- MATERIAL PROVIDED -
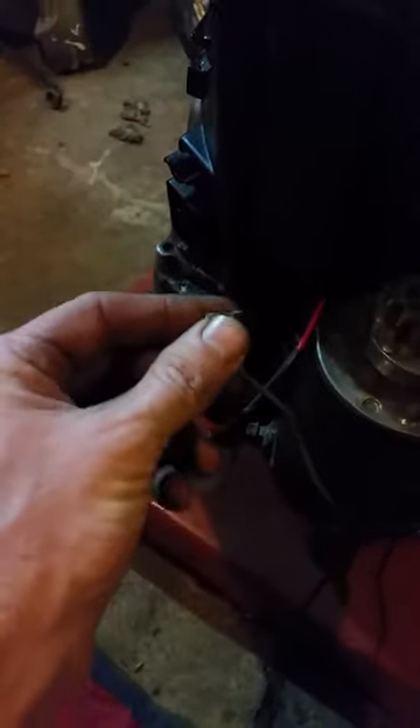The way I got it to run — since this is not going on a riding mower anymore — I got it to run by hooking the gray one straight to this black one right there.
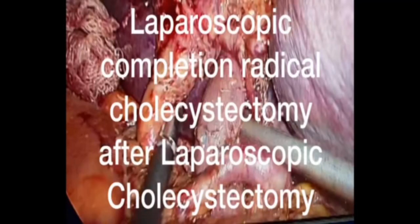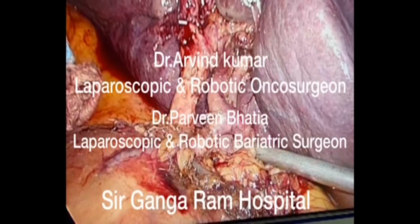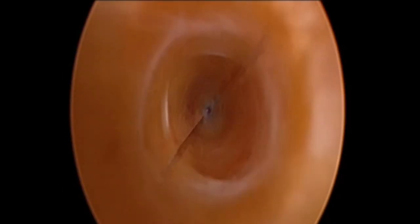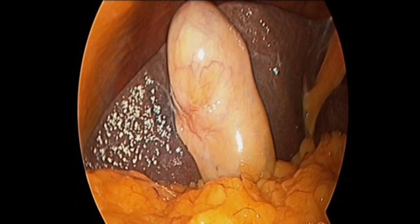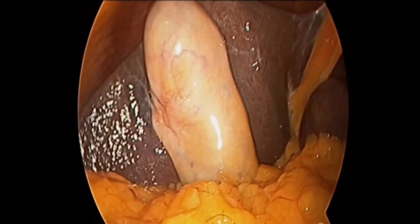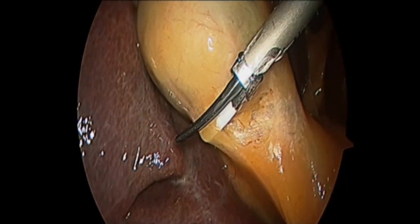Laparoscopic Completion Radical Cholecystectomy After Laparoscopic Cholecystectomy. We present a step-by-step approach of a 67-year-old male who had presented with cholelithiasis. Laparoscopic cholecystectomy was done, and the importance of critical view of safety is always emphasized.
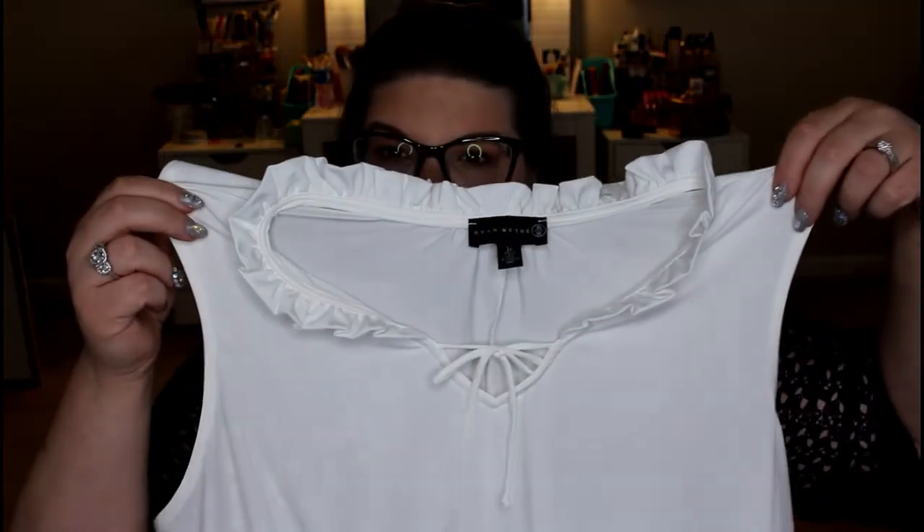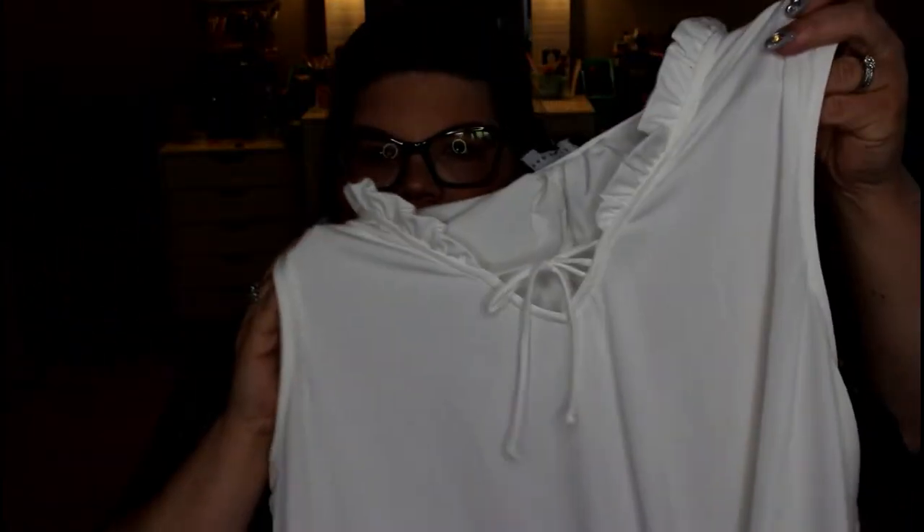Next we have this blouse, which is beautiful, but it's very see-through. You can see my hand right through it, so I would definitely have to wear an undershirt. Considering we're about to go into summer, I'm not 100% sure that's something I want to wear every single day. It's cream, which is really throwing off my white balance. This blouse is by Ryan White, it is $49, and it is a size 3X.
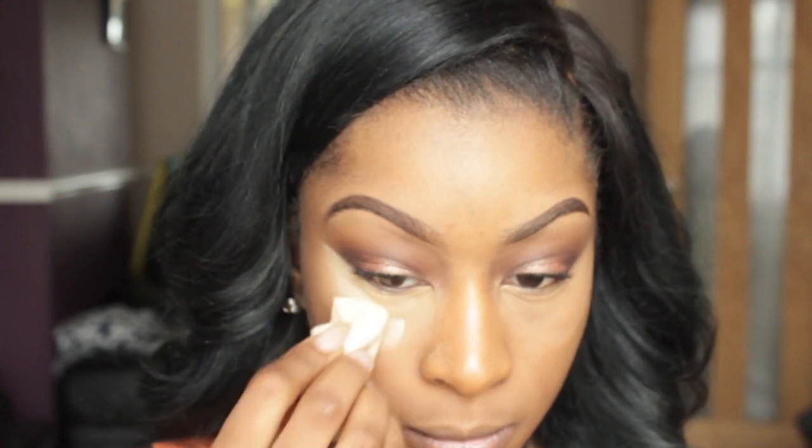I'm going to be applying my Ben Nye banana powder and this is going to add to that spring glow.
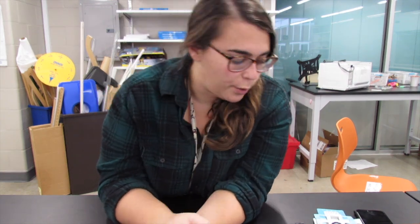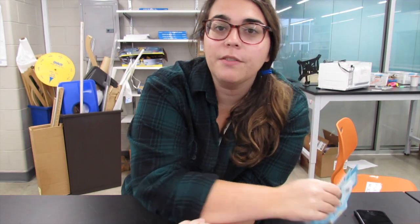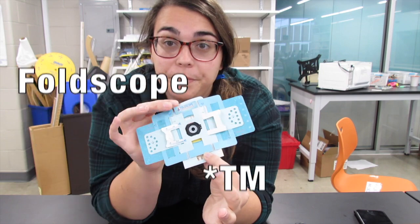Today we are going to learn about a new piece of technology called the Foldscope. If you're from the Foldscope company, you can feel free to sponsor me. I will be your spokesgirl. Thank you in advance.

- EXERCISE DIRECTIONS -
Return the material exactly as given, apart from the pictures.

- RESPONSE TO THE TASK -
The way I got it to run — since this is not going on a riding mower anymore — I got it to run by hooking the gray one straight to this black one right there.
Laparoscopic Completion Radical Cholecystectomy After Laparoscopic Cholecystectomy. We present a step-by-step approach of a 67-year-old male who had presented with cholelithiasis. Laparoscopic cholecystectomy was done, and the importance of critical view of safety is always emphasized.
Next we have this blouse, which is beautiful, but it's very see-through. You can see my hand right through it, so I would definitely have to wear an undershirt. Considering we're about to go into summer, I'm not 100% sure that's something I want to wear every single day. It's cream, which is really throwing off my white balance. This blouse is by Ryan White, it is $49, and it is a size 3X.
I'm going to be applying my Ben Nye banana powder and this is going to add to that spring glow.
Today we are going to learn about a new piece of technology called the Foldscope. If you're from the Foldscope company, you can feel free to sponsor me. I will be your spokesgirl. Thank you in advance.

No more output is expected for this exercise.